Moon Rocks, Mars Rocks, and the Court of Public Opinion

I recently enjoyed refreshing my awareness of what planetary rocks mean to the lay public using a substantial sample of Houston, Texas, as my teachers. My opportunity came when I served as a NASA exhibitor for the Education and Career Day, on February 15, 1997, sponsored by the Houston Hispanic Forum, at the George R. Brown Convention Center. In that role, I talked all day with some of the 13,000 intermediate and high school students, along with their families and mentors, using as conversation pieces an Apollo 15 regolith breccia, and a chunk of Martian meteorite EETA79001 - each separately protected in a standard display container. The teenage students were too young to know about Project Apollo, except from history lessons, although many of them remembered recent publicity about the life-on-Mars debate involving Martian meteorites. I can summarize my experiences (and thoughts) from that day as follows:

Just as many people were interested in the Moon rock as the Mars rock. (I perceived a general fascination that fellow human beings collected the Moon rock at substantial risk whereas the Mars rock fell to Earth for free.

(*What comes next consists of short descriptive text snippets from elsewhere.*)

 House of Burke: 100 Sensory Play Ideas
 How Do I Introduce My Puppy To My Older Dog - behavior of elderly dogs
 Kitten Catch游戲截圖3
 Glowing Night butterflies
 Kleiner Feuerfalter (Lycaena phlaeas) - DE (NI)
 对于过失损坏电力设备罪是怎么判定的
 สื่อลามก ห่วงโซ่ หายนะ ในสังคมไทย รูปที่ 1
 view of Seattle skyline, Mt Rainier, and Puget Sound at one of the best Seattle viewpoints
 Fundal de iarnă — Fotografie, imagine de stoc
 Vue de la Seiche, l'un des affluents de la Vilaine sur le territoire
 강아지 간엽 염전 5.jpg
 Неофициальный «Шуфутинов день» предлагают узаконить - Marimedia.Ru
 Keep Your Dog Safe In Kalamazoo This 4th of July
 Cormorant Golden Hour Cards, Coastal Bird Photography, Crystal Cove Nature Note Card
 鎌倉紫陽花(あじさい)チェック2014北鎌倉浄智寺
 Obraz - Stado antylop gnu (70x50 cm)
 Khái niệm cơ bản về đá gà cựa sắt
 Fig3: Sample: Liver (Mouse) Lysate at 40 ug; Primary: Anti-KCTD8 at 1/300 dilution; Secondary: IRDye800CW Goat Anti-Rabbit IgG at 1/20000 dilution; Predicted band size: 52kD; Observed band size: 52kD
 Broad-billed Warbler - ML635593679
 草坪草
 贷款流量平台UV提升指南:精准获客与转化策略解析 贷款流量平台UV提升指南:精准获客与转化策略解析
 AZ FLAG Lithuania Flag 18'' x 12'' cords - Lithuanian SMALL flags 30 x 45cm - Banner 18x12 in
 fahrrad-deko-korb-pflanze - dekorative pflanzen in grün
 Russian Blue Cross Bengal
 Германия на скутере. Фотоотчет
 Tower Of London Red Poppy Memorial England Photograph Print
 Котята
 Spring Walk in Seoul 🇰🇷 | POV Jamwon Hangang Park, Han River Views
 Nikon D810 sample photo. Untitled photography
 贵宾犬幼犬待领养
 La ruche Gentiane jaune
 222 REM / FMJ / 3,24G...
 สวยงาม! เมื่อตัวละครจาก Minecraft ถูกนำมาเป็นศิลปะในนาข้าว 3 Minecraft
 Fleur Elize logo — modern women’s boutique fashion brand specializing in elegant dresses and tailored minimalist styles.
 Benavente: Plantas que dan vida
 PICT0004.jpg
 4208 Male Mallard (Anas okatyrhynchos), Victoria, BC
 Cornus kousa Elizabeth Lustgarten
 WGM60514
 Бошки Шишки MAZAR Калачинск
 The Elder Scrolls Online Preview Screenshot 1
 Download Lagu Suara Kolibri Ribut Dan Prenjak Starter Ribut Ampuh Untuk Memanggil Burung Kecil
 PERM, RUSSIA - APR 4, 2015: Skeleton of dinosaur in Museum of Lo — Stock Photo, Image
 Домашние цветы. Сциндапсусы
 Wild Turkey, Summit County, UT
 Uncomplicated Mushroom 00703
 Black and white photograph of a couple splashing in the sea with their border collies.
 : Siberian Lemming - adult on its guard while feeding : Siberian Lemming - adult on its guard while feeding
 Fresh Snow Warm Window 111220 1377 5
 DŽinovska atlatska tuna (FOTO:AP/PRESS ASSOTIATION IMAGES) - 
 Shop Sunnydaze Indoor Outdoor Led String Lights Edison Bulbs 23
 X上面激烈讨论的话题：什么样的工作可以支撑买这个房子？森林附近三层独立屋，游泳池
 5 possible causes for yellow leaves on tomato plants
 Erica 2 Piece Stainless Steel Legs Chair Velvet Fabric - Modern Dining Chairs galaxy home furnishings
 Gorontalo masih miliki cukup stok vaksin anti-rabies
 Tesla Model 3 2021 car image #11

The risks taken by the Antarctic meteorite search teams seemed not to register at the same scale as those of the Apollo astronauts.)

Everyone who bothered to talk about rocks wanted to know exactly why we believed the Mars meteorite was from Mars. (These very intelligent people were not prepared to simply "take our word for it" because we think we are big-time scientists. They wanted to know why we thought we knew what we claim to know. And some of the probing questions were as sharp as I have encountered anywhere.)

Some people believed incorrectly that we already had been to Mars to collect samples. (Apparently, some of our computer-generated art work of imaginary future missions is difficult to tell from photographs of reality. We must be smarter in using our tools if we want to successfully communicate with the public.)

No one expressed any fear about the presence of Martian rocks on Earth. (I was pleasantly surprised to find that nearly everyone immediately recognized that our display cases were meant to protect the rocks - not the people. This is in contrast to the "Andromeda Strain" mentality that some of us tend to assume with regard to public reaction about Mars sample-return missions.)

Many people wanted to know when we would return to the Moon and when we would send people to Mars. (No one expressed the opinion that space exploration was a waste of money or time. Maybe I got a little lucky on this point; certainly, I have encountered our critics elsewhere.)

My experience was a valuable one that I would like to renew more often. And I encourage every Principal Investigator or sample researcher to do likewise. Only by finding out what our public customers really think about our work will we have a better appreciation of what our work is truly worth.